Suchhunde mussten während der Nacht die Böschungen absuchen. „Es kommt vor, dass Verletzte im Schockzustand weit laufen“, sagt die Leiterin der Rettungshundestaffel der Ulmer Feuerwehr, Amrei Oellermann. Deshalb habe man die Unfallstelle sehr weiträumig abgesucht. Auch das Rote Kreuz und die Bundesrettungshundestaffel Biberach sind mit Teams vor Ort.
Erinnerungen an Eschede
Besonders herausfordernd ist allerdings der Einsatz für die sogenannten Trümmerhunde, die in dem Zugwrack nach Verletzten suchen. Die Hunde müssen in die havarierten Wagen vordringen. Weil auch Fenster zerbarsten, tragen die Tiere spezielle Schuhe über den Pfoten. Überall sind scharfe Kanten – auch weil die Feuerwehr Verletzte mit Schneidemessern befreien musste, sagt Oellermann, die mit ihrer vierjährigen Mischlingshündin Roya im Einsatz ist.

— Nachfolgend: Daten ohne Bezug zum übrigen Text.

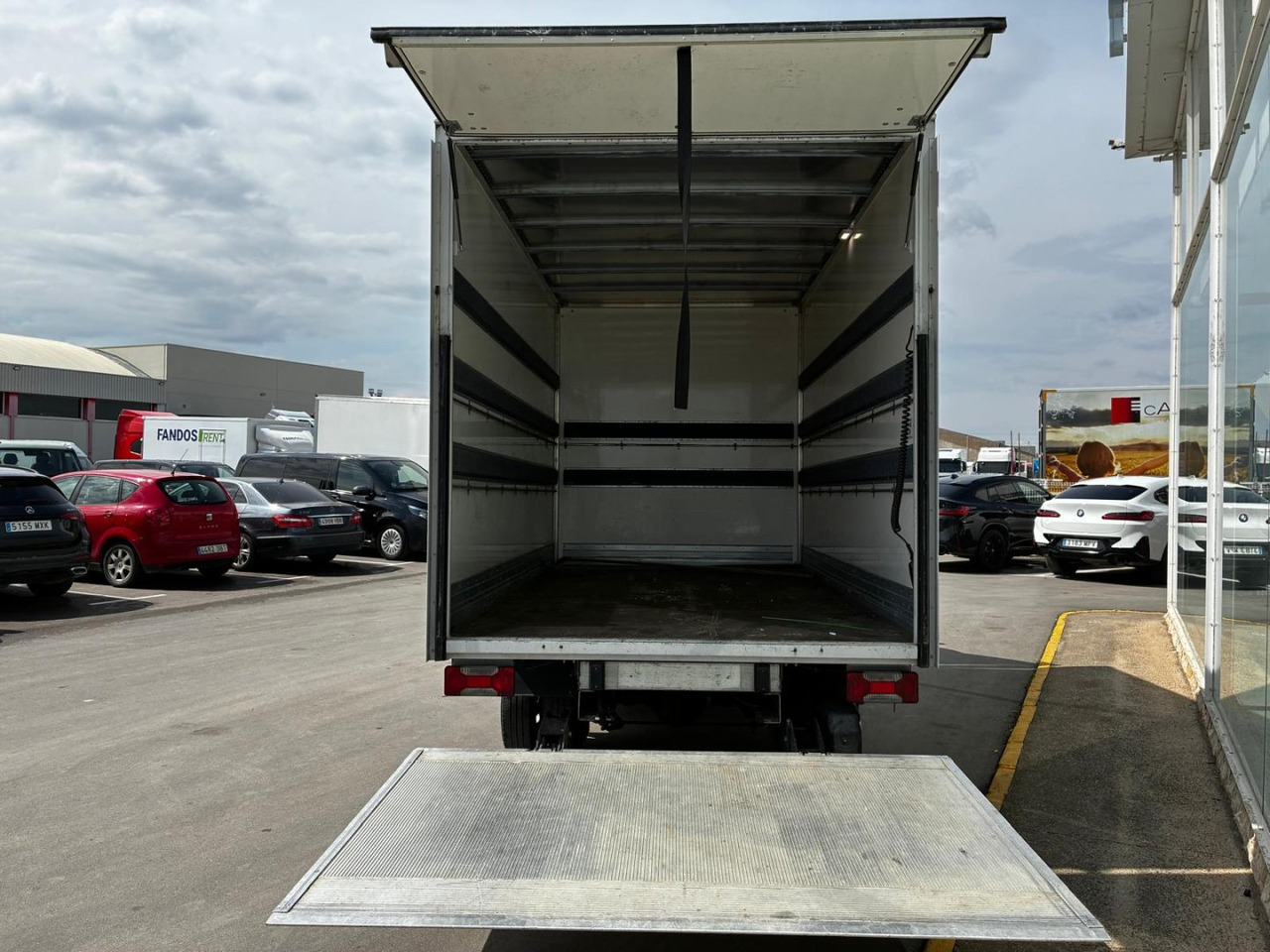 Caja cerrada IVECO 35C16 3.0 20m3 - Carrinha de contentor: foto 5 Caja cerrada IVECO 35C16 3.0 20m3 - Carrinha de contentor: foto 5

Konzentriert sind die Hunde am Werk, zur Sicherheit wird ein Tier nach dem anderen durch die total zerstörten Wagen geschickt. Erst gegen 14 Uhr am Montag setzt sich die Überzeugung durch, dass alle Insassen geborgen sind und die Experten mit dem Bergekran zum Zug kommen. Wie beim Zugunglück bei Eschede, bei dem 1998 mehr als hundert Menschen ums Leben kamen, sehe es aus, sagt der Chef des Ulmer Katastrophenschutzes, Michael Ehrenbeck, der die Biberacher Einsatzleitung unterstützt. Dann nähert sich der Kranzug, der die Wagen aufrichten soll. Die Bahn hofft, die Bergung schon am Dienstag abschließen zu können. Wie lange die Sperrung dauert, ist offen. Es gibt einen Ersatzverkehr mit Bussen.